First, starting at the baseboard, paint crooked and forked vertical lines on the walls with the brown paint to represent tree trunks. Mix a little white paint and some of the brown paint in a mixing cup, making a dark tan. Paint more lines while varying the brush width, to add more tree trunks and the illusion of thick underbrush. Let the tree trunks and twigs dry.

Now use masking tape to tape the stencils to the walls and start painting leaves. Vary the sizes and colors, and gradually fill in your tree and underbrush shapes. Let these dry thoroughly, and then you can add free-hand parrots, toucans and other bright birds with the poster paint. You could also add a monkey's mischievous face peeking around some of the leaves if you want. Or paint big golden eyes among the leaves, to represent jaguar or tiger eyes. If you have posters of animals, cut the animals out and glue them to the walls before you finish adding leaves. If the special paint job for the walls is going to take too much time, try your nearest wallpaper store for some really great-looking jungle prints that will be just as effective.

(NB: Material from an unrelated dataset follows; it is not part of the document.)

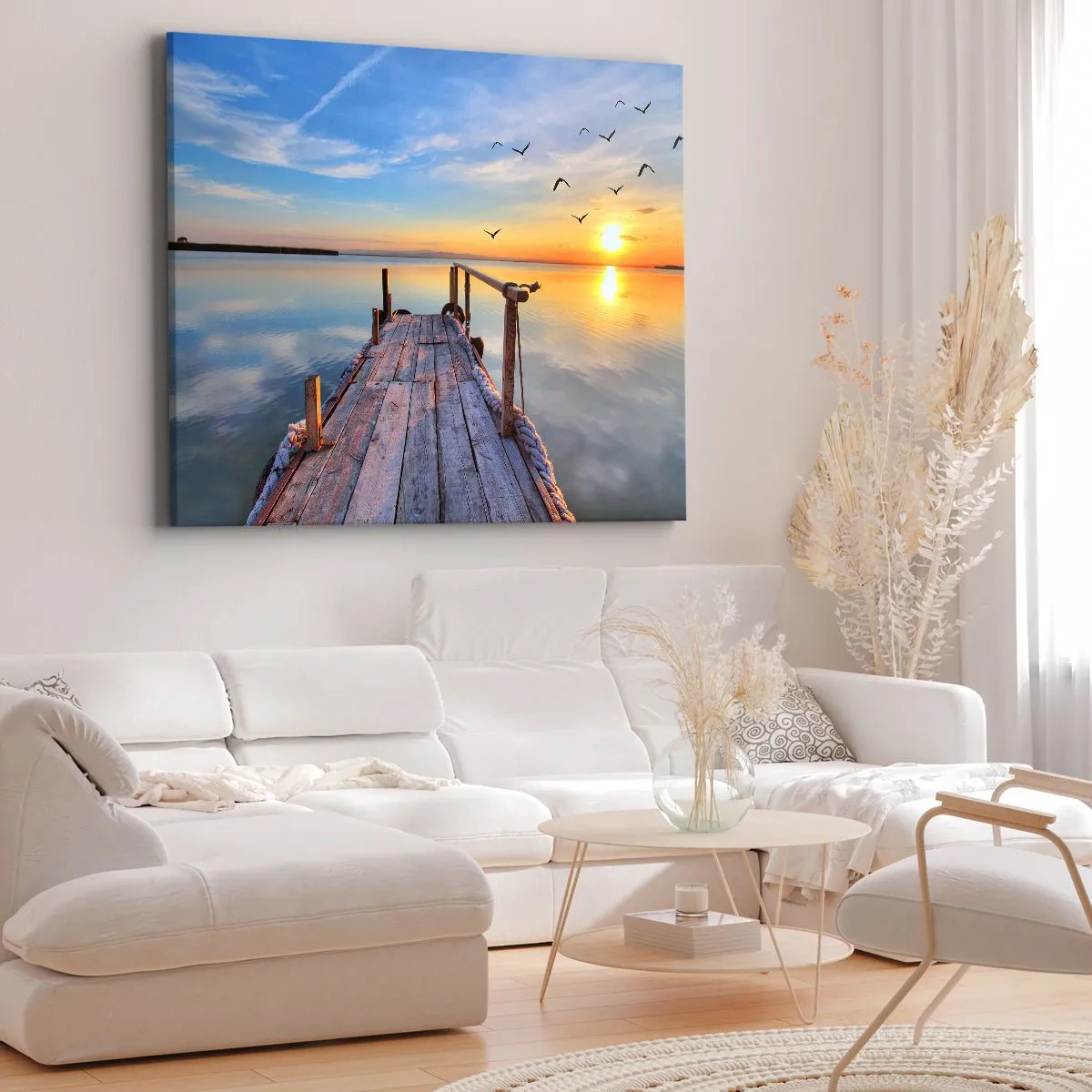 Cuadro sobre lienzo - Impresión de Imagen - Muelle de madera al atardecer en un lago tranquilo - 70x50cm - Caminando hacia el sol - Decoración de pared moderna para salón y dormitorio ARTTOR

At a department store, look in the gardening section and get four six-foot bamboo poles, some sturdy gardening twine and a package of mosquito netting (or detour through the department store's yard goods section and purchase ten yards of white tulle or nylon net). The store should also have a small, plain jute rug to go beside the bed, and inexpensive bamboo roll-up shades for the windows, which can be hung using the same hardware as the curtains.

In order to stick to your budget, you'll want to use the same furniture. If it's in good shape, then just clean it and put it back in the bedroom. If you decide to paint, then paint all the pieces to match. You can get really creative with this paint job - think tan with black dots for a jaguar effect on the furniture, yellow with brown squares to resemble a giraffe, orange with black stripes for a tiger or black and white stripes for a zebra.

Remember you can update the bed with a coordinating animal-print bedspread, or make a coverlet for the bed from six yards of an animal or tropical forest print. (Divide the sewing material into two three-yard lengths and seam them together on a long side. Hem all around. This will create a coverlet, seamed down the middle and with enough material to pull over the pillows at the head of the bed.) Another great idea, especially for a boy's room, would be to get seven yards of strong tan denim and some heavy matching thread. Seam six yards of it as suggested above, and then use the other yard for making multiple pockets. Sew these onto the sides of the coverlet for extra storage of 'safari supplies' and toys during the daytime. Add lots of extra 'seaming' with lines of heavy thread so the coverlet looks like a safari jacket, and you've got a really special bed covering.

Next add the bamboo poles and mosquito netting to the bed. Lash the poles to the bed's legs with the gardening twine. (If the bed frame won't be re-used again, you can use carpenter's or super strength glue and simply glue the bamboo to the frame. But do use the twine for extra support while the glue dries.) Once the four poles are secured, one per corner, drape the mosquito or other netting across the tops of the bamboo poles (use some of the twine to tie it to the poles so it doesn't slip off) and let it enclose the bed, just like in the movies. If the bed won't be moved, you might use four L-brackets for securing the bamboo poles: fasten the L-brackets to the ceiling, and then slip the bamboo poles over the other end of each bracket. You'll have to cut the mosquito netting into panels and then staple it to the poles and ceiling instead of just draping it.

Have some 'crafty' fun with the accessories in the room. Add animal-print ribbon to an existing mirror frame. Bring tired pillows back to life by covering them with a 'jungle print' of exotic leaves and flowers. Cover lamp bases by using your hot-glue gun to attach silk flowers and lush greenery. Put the small jute rug beside the bed. Sling a canteen or a pair of binoculars over one of the bedposts, or hang from a wall peg. Cover a director's chair with fake fur or the same jungle print you used for the pillows. If you can find a used refrigerator carton, or some other large cardboard box, draw and cut out a giraffe or baby elephant to paint and then stand in the corner. Let your imagination run as wild as the animals found during a safari, and you'll have as much fun re-doing the room as the lucky kid who's going to live there.